Data extracts Start Marker

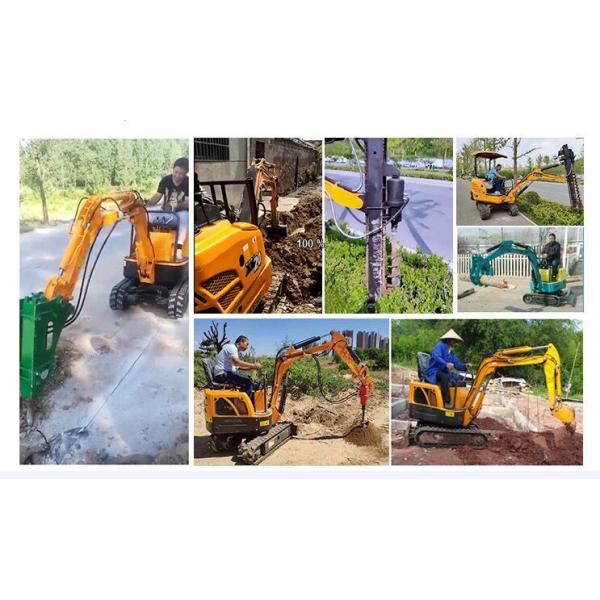 Mini Digger 1 Ton Prices with Thumb Bucket 3.5 Ton Mini Excavator KOOP 192F Engine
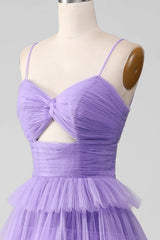 A-Line Prom Dresses Party Wear Sleeveless Off Shoulder Tulle with Slit Long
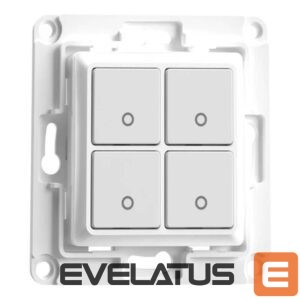 Nutikas seade Shelly  Shelly wall switch 4 button (white) 
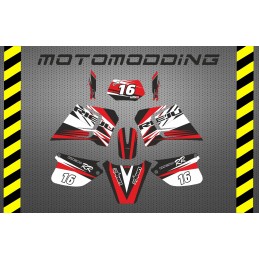 Kit pegatinas Rieju RR modelo 1994-2000 diseño tricolor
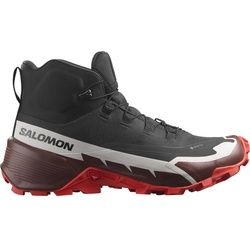 SALOMON CROSS HIKE MID GTX 2 - Hr., black/bitterchocolate/fieryred (11 UK)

Data extracts End Marker

▶ **Your goal**:
The data is to be printed again exactly, but without its pictures.

▶ **Output**:
 Mini Digger 1 Ton Prices with Thumb Bucket 3.5 Ton Mini Excavator KOOP 192F Engine
 A-Line Prom Dresses Party Wear Sleeveless Off Shoulder Tulle with Slit Long
 Nutikas seade Shelly  Shelly wall switch 4 button (white) 
 Kit pegatinas Rieju RR modelo 1994-2000 diseño tricolor
 SALOMON CROSS HIKE MID GTX 2 - Hr., black/bitterchocolate/fieryred (11 UK)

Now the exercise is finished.